Gemiler Island (Gemile Adası or Gemiler Adası, Γκεμιλέρ) is an island located off the coast of Turkey near the city of Fethiye. On the island are the remains of several churches built between the fourth and sixth centuries AD, along with a variety of associated buildings. Archaeologists believe it was the location of the original tomb of Saint Nicholas. The original Turkish name is Gemile from the Greek word καμήλα (kamila) meaning camel, so called because of its geographical shape (see Fethiye Gemile Island Archaeological Site).

==History==
The Byzantine ruins of five Greek churches built between the fourth and sixth centuries AD remain on the island, along with a 350 m processional walkway. Other remains from the same period include around forty other ecclesiastical buildings and over fifty Christian tombs. One of the churches was cut directly from the rock at the island's highest point, and is located at the far western end of the processional walkway.
It is possible that the Island was used by Christian pilgrims en route to the Holy Lands.

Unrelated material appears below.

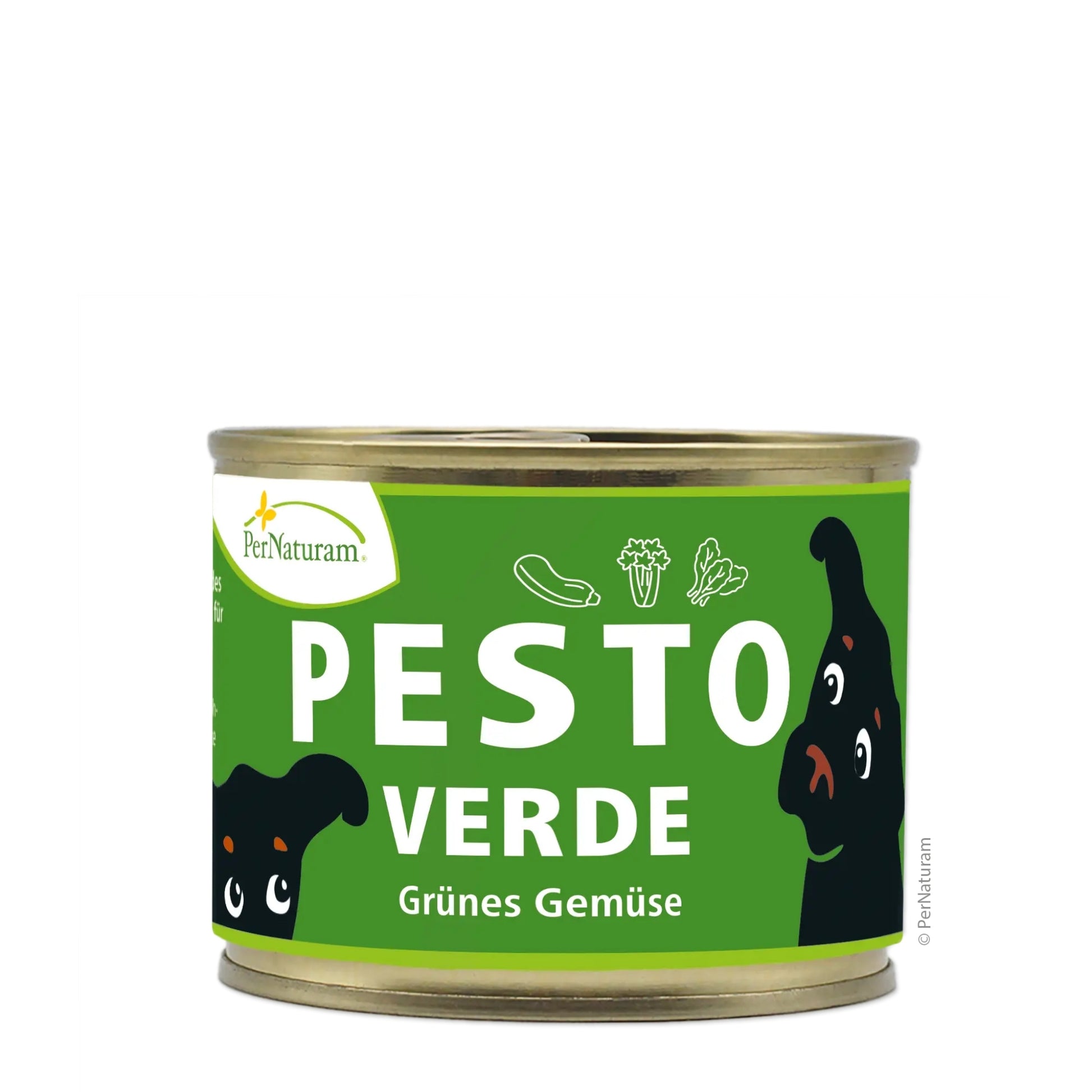 PerNaturam Pesto Verde 190g für Hund und Katze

Modern archaeologists believe that the island may be the location of St. Nicholas' original tomb. The traditional Turkish name for the island is Gemiler Adası, meaning "Island of Boats", which may be a reference to St. Nicholas's role as the patron saint of sailors; the island was also referred to as St. Nicholas Island by seafarers in the medieval period. Archaeologists believe he was interred in the rock-hewn church following his death in 326. His relics remained there until the 650s, when the island was abandoned as it was threatened by an Arab fleet. They were then moved to the town of Myra some 25 mi to the east.

==Economy==
The island is currently a popular destination for large Turkish gulets (for instance from Ölüdeniz), bringing many tourists to the island as well as many smaller private boats since the crescent-shaped bay can be used as a safe anchorage. The Byzantine ruins can be seen from the sea. A small makeshift restaurant stands in the bay for the summer sailors. A charge of 125 TL is currently levied upon visitors to the ruins.